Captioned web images
<<<<

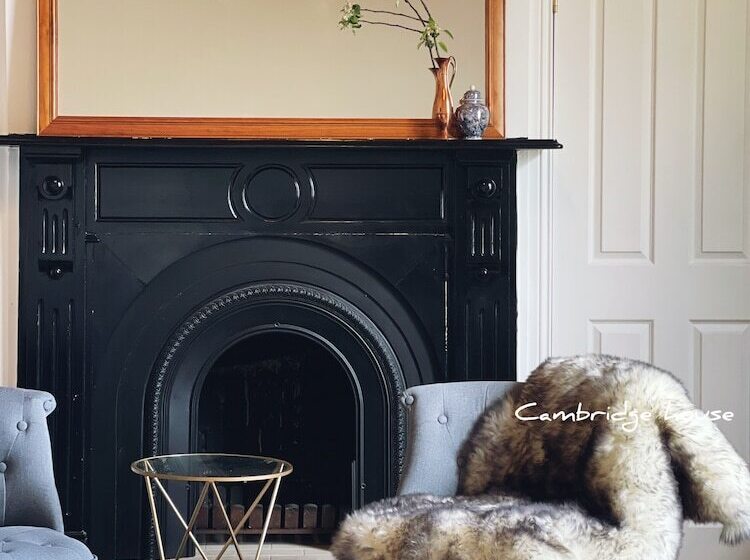 Номер Стандарт, Cambridge House
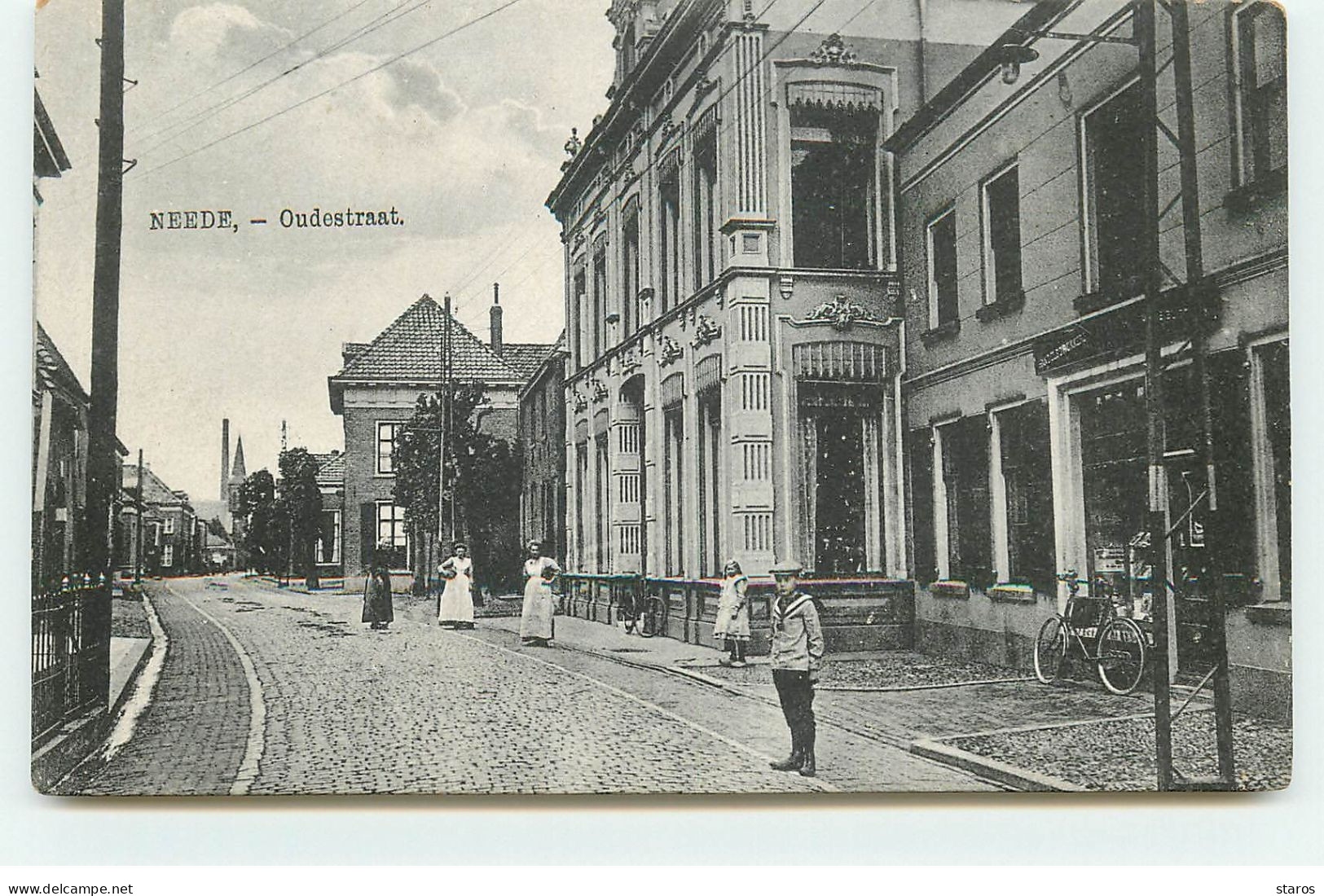 NEEDE - Oudestraat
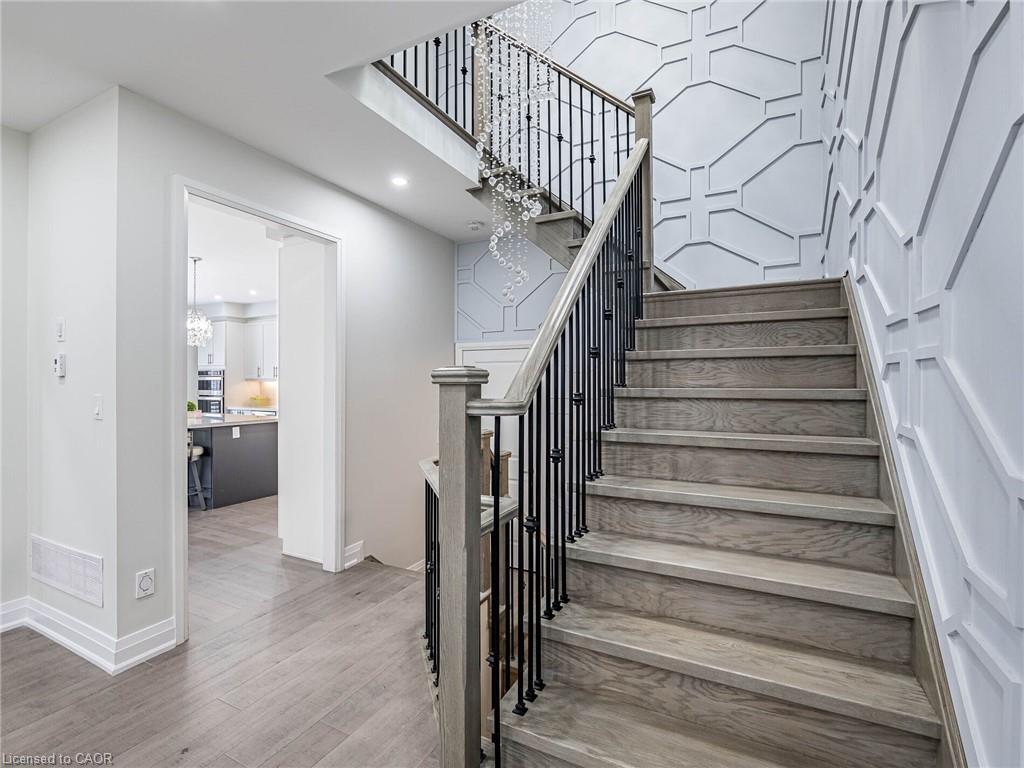 22 Rolling Rock Way, Brampton, ON - Indoor Photo Showing Other Room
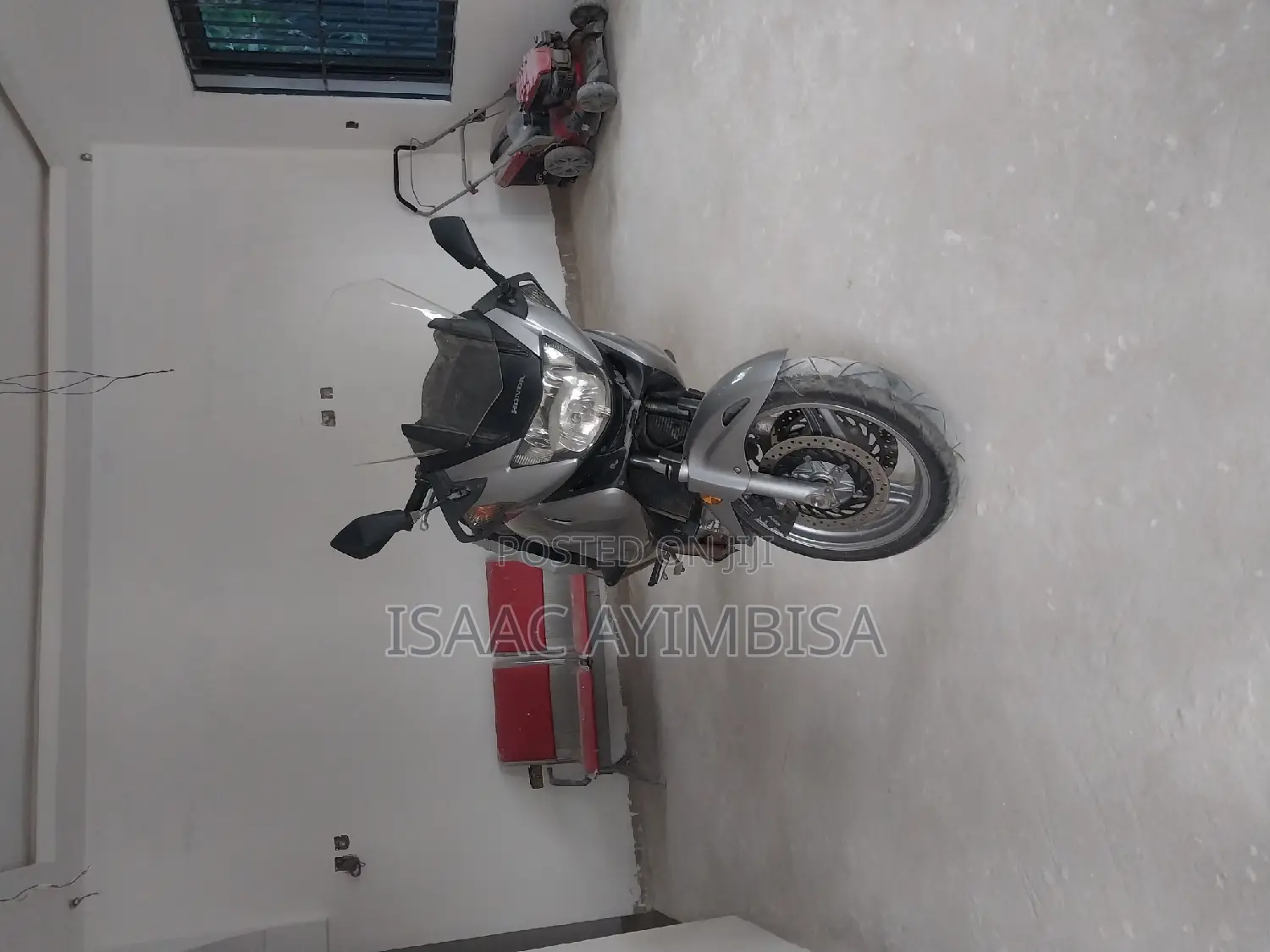 Honda NC700X 2010 Silver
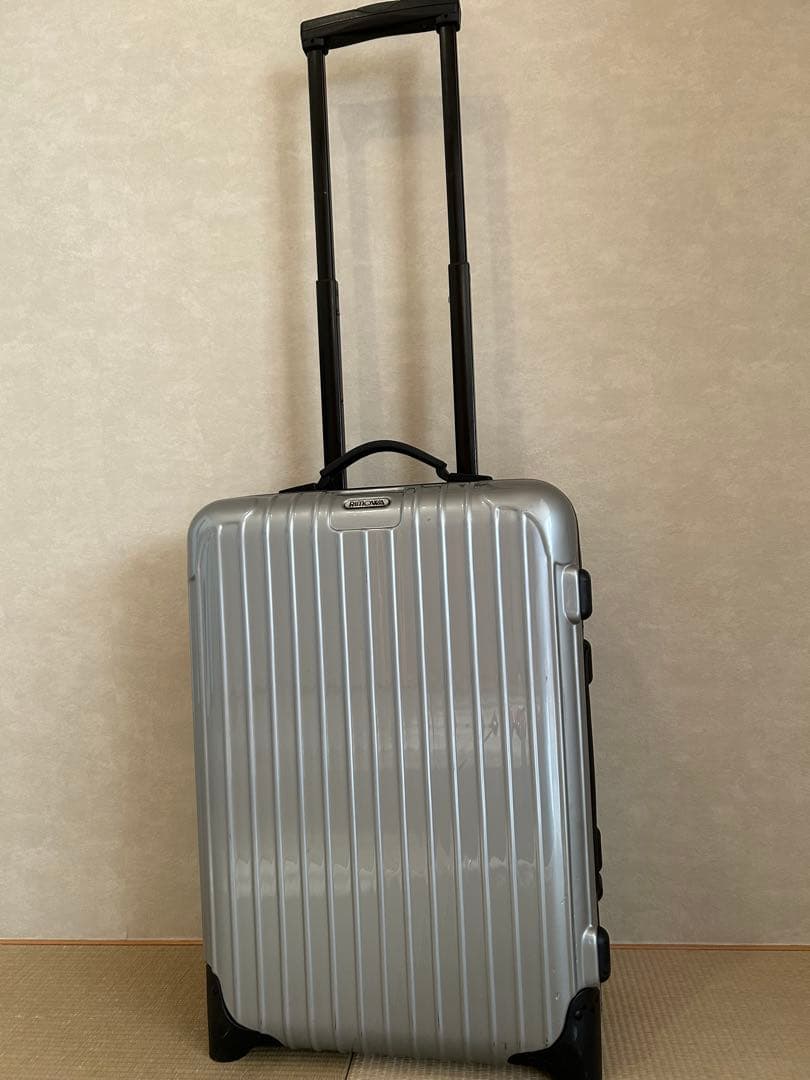 リモワ サルサ キャリーケース ２輪 35L 機内持ち込みサイズ　廃盤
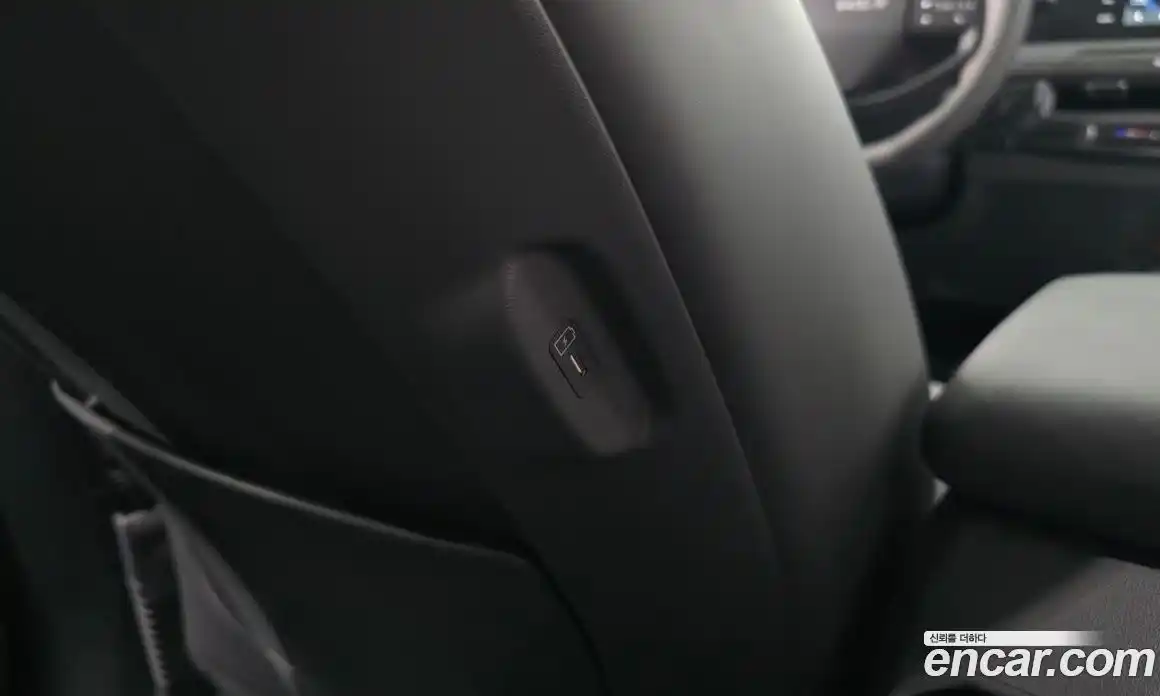 Kia EV3 2025 0.2 автомат (гидро), фото 35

>>>>

## Work to be completed
The expected output is every entry, retyped exactly, with all pictures removed.

## Response to this exercise
 Номер Стандарт, Cambridge House
 NEEDE - Oudestraat
 22 Rolling Rock Way, Brampton, ON - Indoor Photo Showing Other Room
 Honda NC700X 2010 Silver
 リモワ サルサ キャリーケース ２輪 35L 機内持ち込みサイズ　廃盤
 Kia EV3 2025 0.2 автомат (гидро), фото 35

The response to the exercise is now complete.